Recording Acoustic and Electric Guitar with Pro Tools LE

tonesponge

New member
I have an original M-Box running on a PC, and I want to try simply recording some fingerstyle guitar rhythms with high gain electric lead over them, and I would like some advice on recording the acoustic guitar.

For the acoustic guitar, I'm playing a Taylor with a fishman prefix through a california blonde. Should I mic that cab or record direct?

For the acoustic track in particular, I want some advice about applying compression to the acoustic guitar, and I want to know if I should get an external compressor unit or use the compressor plugin built into pro tools le. I haven't ever used that effect before, and I'm not sure what to do. Are the default settings good?

Gain 0 db
Threshold -31 db
ratio 3:1
attack 11ms
release 50 ms
knee 80

For the electric high gain lead, I just plan to mic a cab. The high gain should provide its own compression. Will I still need to compress that mic input for the cab? I want to record at high volume for musical feedback effect, and I have had problems in the past with it seeming like the mic gets overloaded and the results are crackly. Is that just a mic placement issue?

Thanks for all help.
 
probably not the answer your looking for ... but im a big fan of recording Acoustic guitar with 2 mics ... duplicating the tracks.. panning a track of each microphone left and the other one right... and staggering the duplicated tracks a couple miliseconds back..

try that?
 
As far as recording the acoustic it all depends on what you want, If you are happy with the Taylor/Blonde sound then you should mic that but remember that is a 2 way cab and you will need a nice room with some space to capture that sound. OTOH personally I would DI the pickup, mic the guitar and pan those signals.
On the electric it does sound as though you are overloading the input signal into the Mbox, most mics can handle the signal from a guitar amp but you might also want to experiment with placement, perhaps move the mic back 6" to a foot.
 
I've actully been recording the rhythm twice, and panning them left and right. It's problematic for me because when I work up a song, I have parts that are fixed, but then I improv fills here and there. The result is not always pretty when the two different fills conflict.

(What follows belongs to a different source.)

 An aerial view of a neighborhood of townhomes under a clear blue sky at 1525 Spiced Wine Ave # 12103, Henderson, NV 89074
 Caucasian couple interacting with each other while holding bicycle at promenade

The idea of recording the tracks from one instance of playing and offsetting them by a hair did occur to me, but I'm wondering how to reliably shift one of the tracks very slightly in time. Is there a reliable way to do that in pro tools, or do you just have to zoom way in and click and drag a track over? Also, in the case where you DI one track and mic the other, do you still need to time shift one track?
 
the point of the "time shift" is stricly to fatten up the sound, the same way a milisecond delay would. however im suggesting having 4 tracks from 1 take.

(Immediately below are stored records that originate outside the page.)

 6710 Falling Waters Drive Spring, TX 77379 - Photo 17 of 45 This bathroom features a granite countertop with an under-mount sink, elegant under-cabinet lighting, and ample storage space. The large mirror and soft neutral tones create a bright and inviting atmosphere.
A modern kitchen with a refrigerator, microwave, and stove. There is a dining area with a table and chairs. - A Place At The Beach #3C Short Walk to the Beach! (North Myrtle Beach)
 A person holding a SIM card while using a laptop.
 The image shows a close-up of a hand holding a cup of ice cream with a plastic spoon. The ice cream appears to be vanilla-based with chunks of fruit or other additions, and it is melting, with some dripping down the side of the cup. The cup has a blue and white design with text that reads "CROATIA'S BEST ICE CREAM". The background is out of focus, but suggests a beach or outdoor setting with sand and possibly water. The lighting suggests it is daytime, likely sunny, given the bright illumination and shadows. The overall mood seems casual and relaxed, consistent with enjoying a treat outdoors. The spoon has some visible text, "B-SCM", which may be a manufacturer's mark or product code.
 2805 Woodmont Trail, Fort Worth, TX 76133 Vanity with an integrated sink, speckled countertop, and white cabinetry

2 mics recorded simultaneously, mono, duplicating each track and setting the duplicates back slightly to what sounds the best to you... the amount you have the duplicates set back will change the sound so adjust it to your liking, naturally.

this, to me, adds a cool effect to an acoustic track that simple delay doesnt quite do.

to even further your experimenting.. try all sorts of variations of panning all of those tracks differently... it can give you some cool effects.

to answer your question, yes, the way i do it is zooming in a lot haha.

edit - also you could have 1 take, duplicate it, pan them left and right and offset one back a few miliseconds. that could sound cool too.

as you can tell, trial and error is a big thing in finding what sounds good to you.
 
Thanks.:)

I'm still a little shaky though on using plugins. I read another thread that said the compression won't be evident unitl you mix down. Does that mean I won't be able to hear what the compression setting sounds like until I bounce the track?
 
Thanks.:)

I'm still a little shaky though on using plugins. I read another thread that said the compression won't be evident unitl you mix down. Does that mean I won't be able to hear what the compression setting sounds like until I bounce the track?

not sure where you heard that, i've always heard the effect the compression takes on a track. and i wouldnt compress an acoustic guitar.
 
Awesome.

I have one more question. I plan on panning to the sides to make room for a lead track in the center as it enters. And I plan on midscooping other tracks to make room for a mid boosted lead. Basically, I'm talking about choreographing the placement of the parts in the sonic space. Does that sound right? If so, I'd also like to be able to move parts up and down stage. How would I apply a presence control in the mixer? Is it just fiddling with the high end EQ?